> **Description of the task**: Set down, unchanged, the line holding "Vintage Blue White" and all lines that follow it to the end of the material, leaving pictures out.

━━━━━━━━

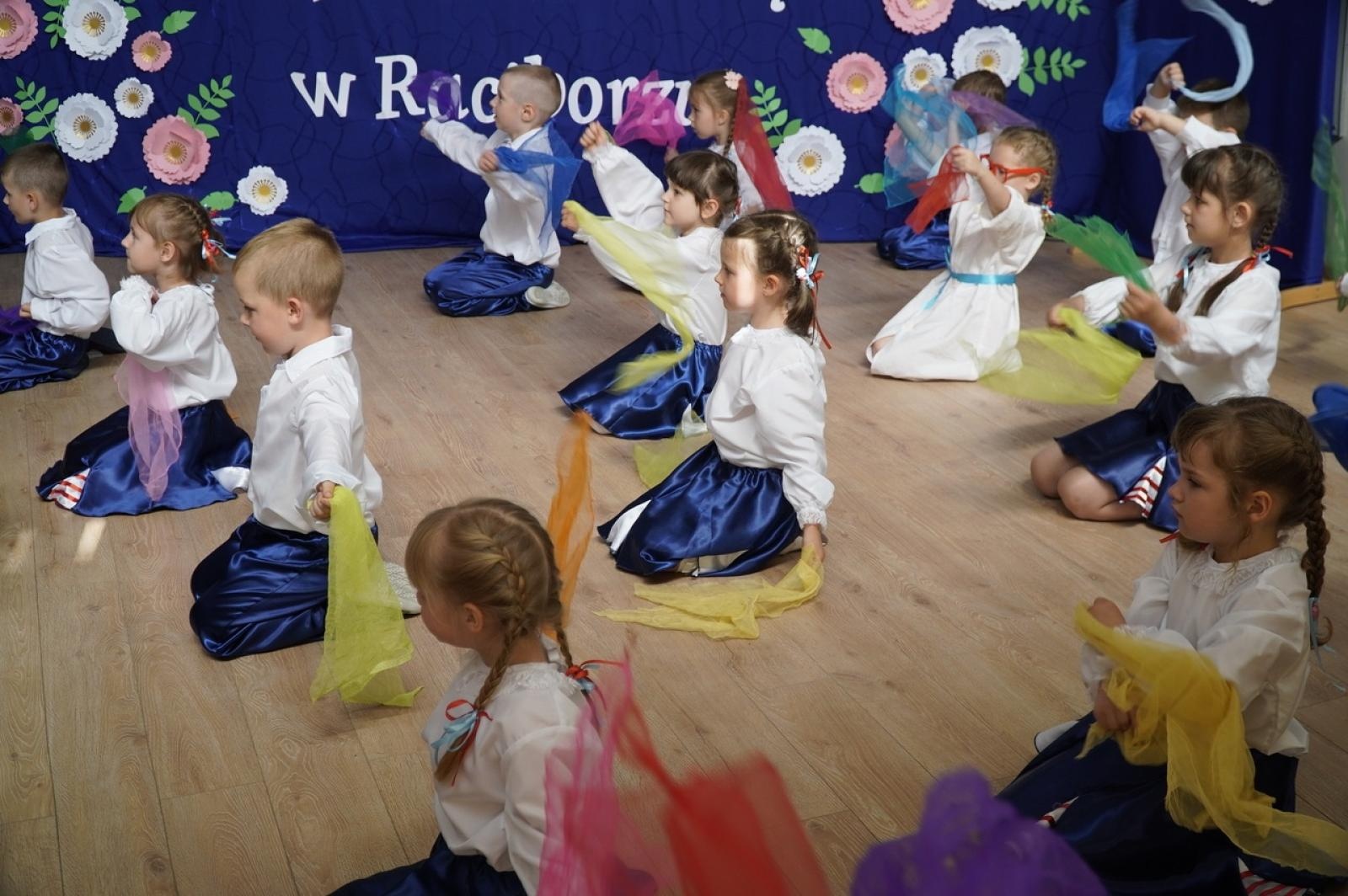 Zdjęcie w galerii na portalu naszraciborz.pl: Jubileusz 60-lecia raciborskiego Przedszkola nr 15 wiadomości z regionu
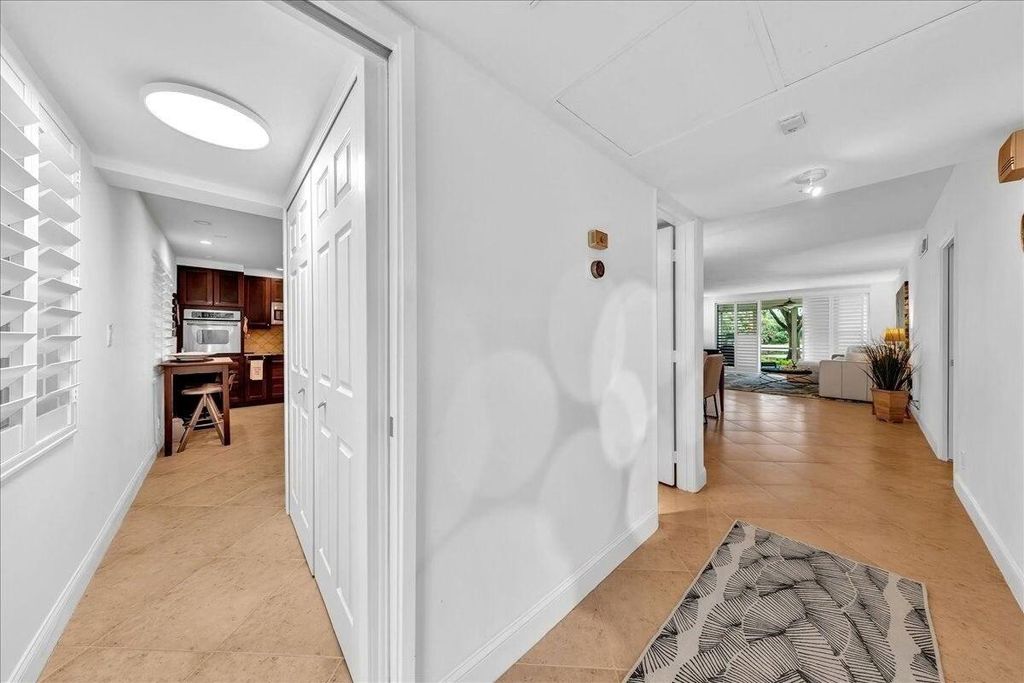 3505 Oaks Way #109, photo 6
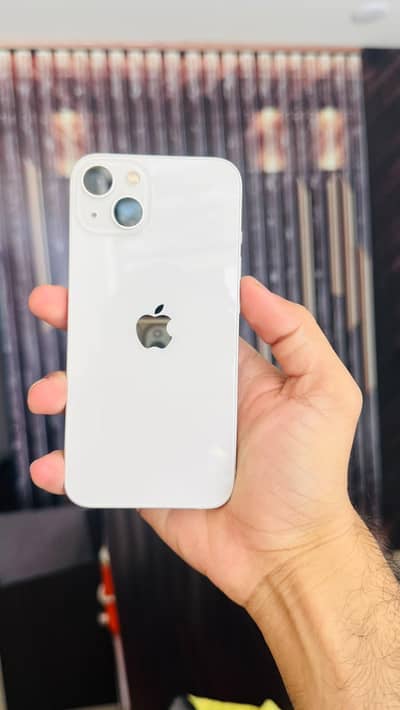 Apple iPhone 13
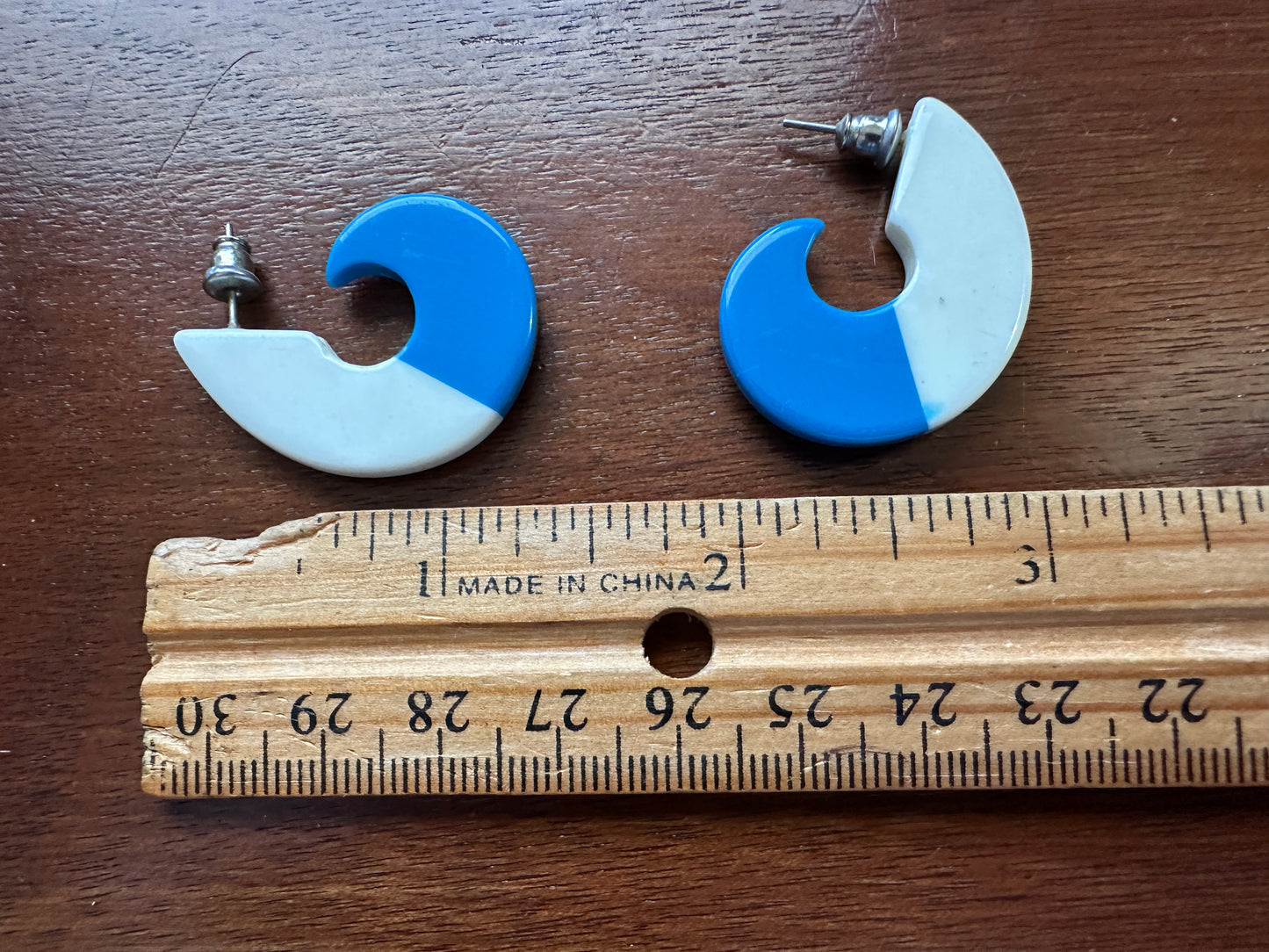 Vintage Blue White Chunky Hoop Pierced Earrings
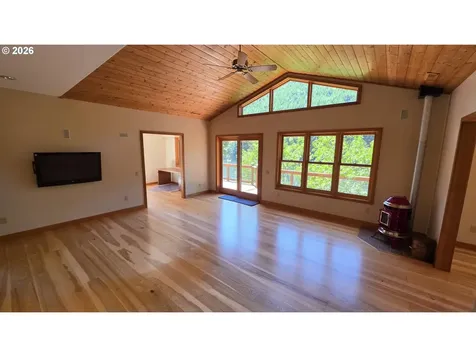 203 Burchard Drive Scottsburg OR 97473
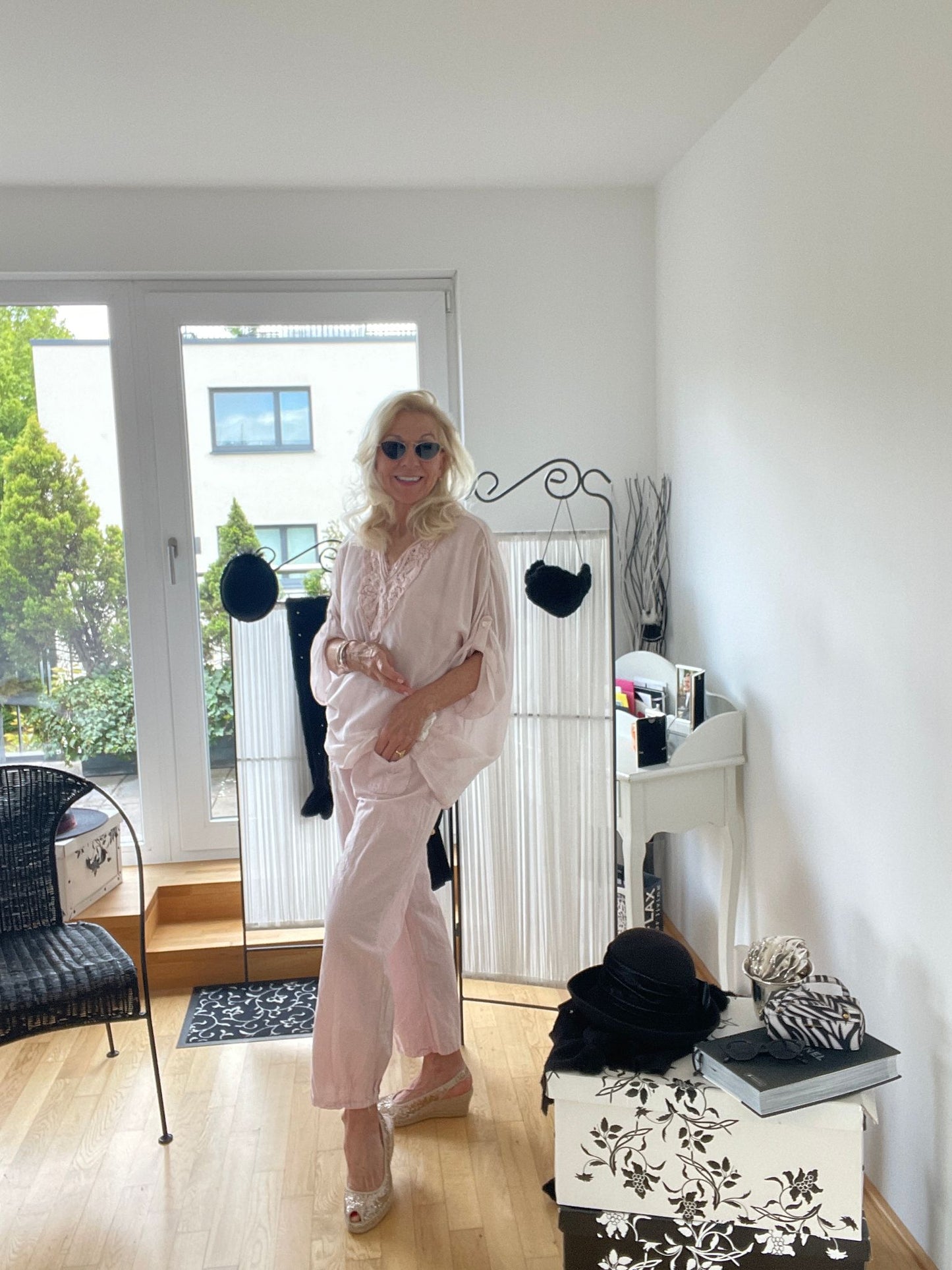Hose Peggy rosé Gr.M €69,90; super sitzende Leinenhose mit Wohlfühlgarantie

━━━━━━━━

> **Response area**:
 Vintage Blue White Chunky Hoop Pierced Earrings
 203 Burchard Drive Scottsburg OR 97473
Hose Peggy rosé Gr.M €69,90; super sitzende Leinenhose mit Wohlfühlgarantie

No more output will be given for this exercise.